:: TASK ::
Could you transcribe all of the data exactly and skip any pictures?

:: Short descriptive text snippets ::
══════════
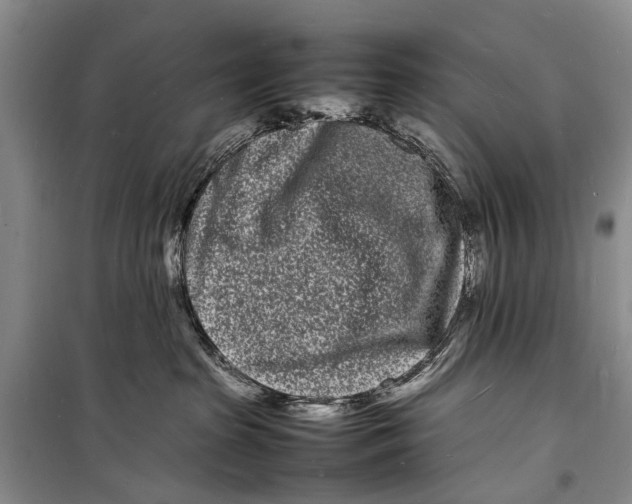 X0000098180285200805151147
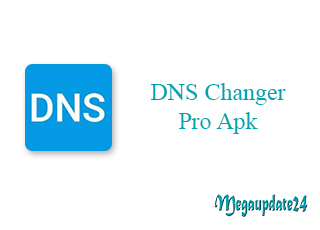 DNS Changer Pro Apk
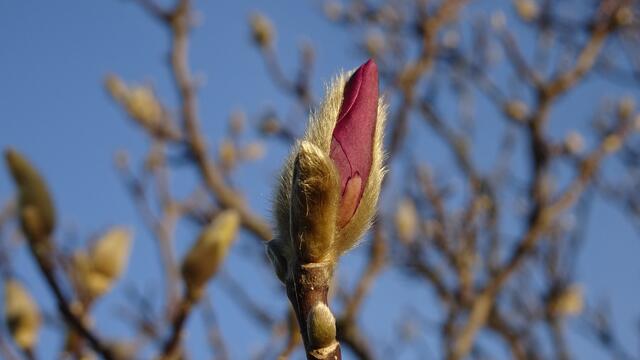 Beginn der diesjährigen Magnolienblüte bereits Anfang März, ... hier die ersten Blütenknospen am 04.03.2024 und ... | Foto: © Silvia Plischek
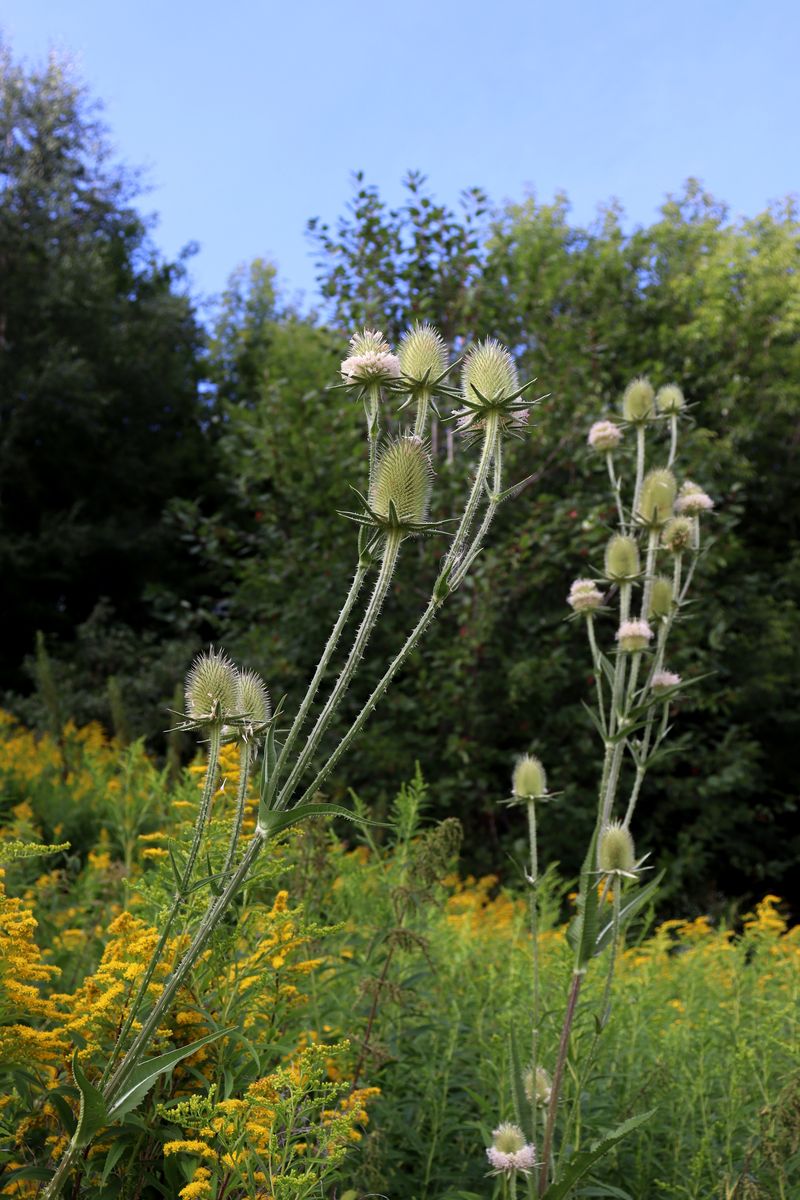 Image of genus Dipsacus specimen.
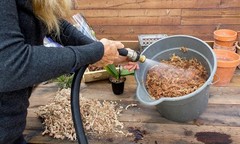 (22325) Orchid Sphagnum Moss Dried Natural 1 Pound Mini Bale
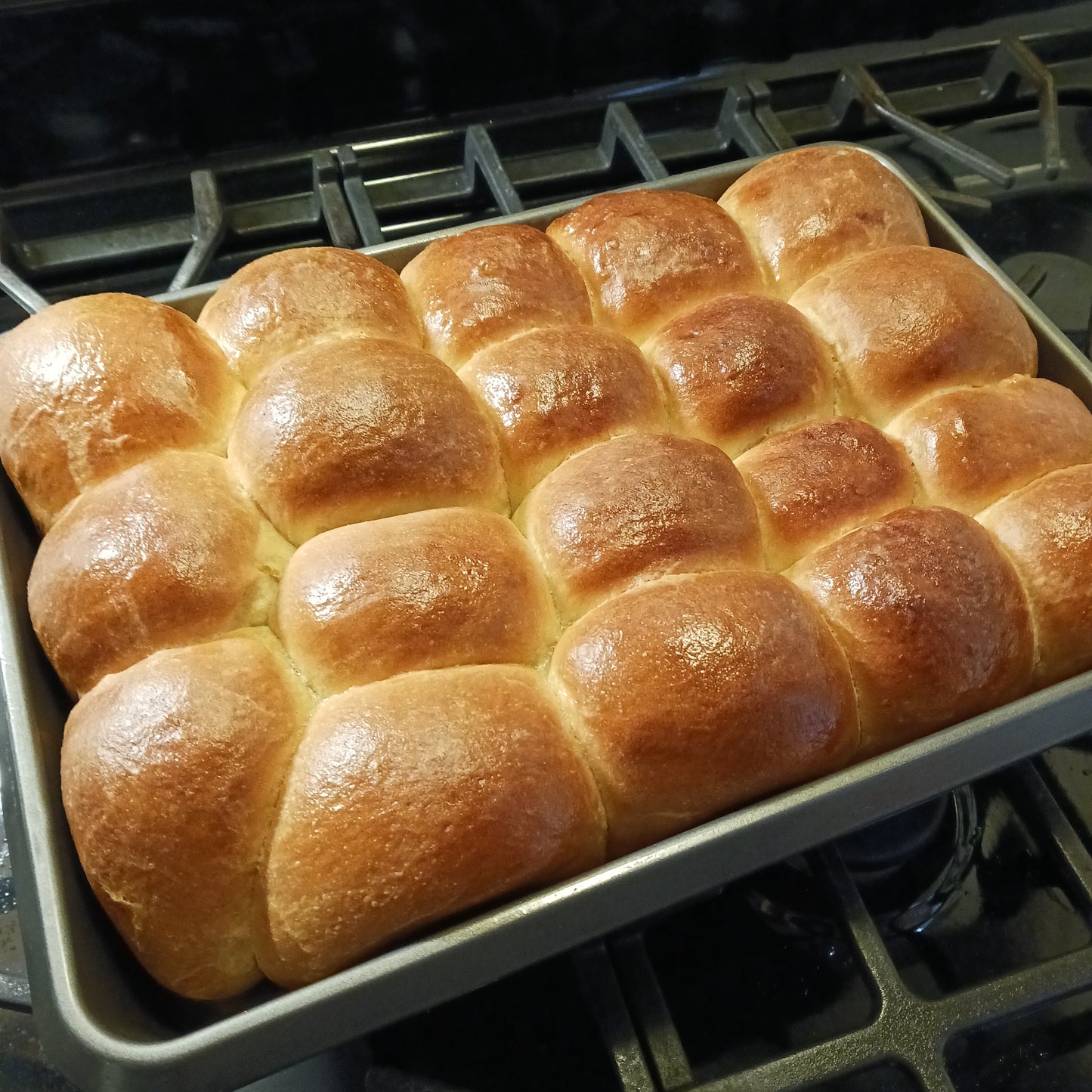 Dinner Rolls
══════════
:: ANSWER TO THE PROBLEM ::
 X0000098180285200805151147
 DNS Changer Pro Apk
 Beginn der diesjährigen Magnolienblüte bereits Anfang März, ... hier die ersten Blütenknospen am 04.03.2024 und ... | Foto: © Silvia Plischek
 Image of genus Dipsacus specimen.
 (22325) Orchid Sphagnum Moss Dried Natural 1 Pound Mini Bale
 Dinner Rolls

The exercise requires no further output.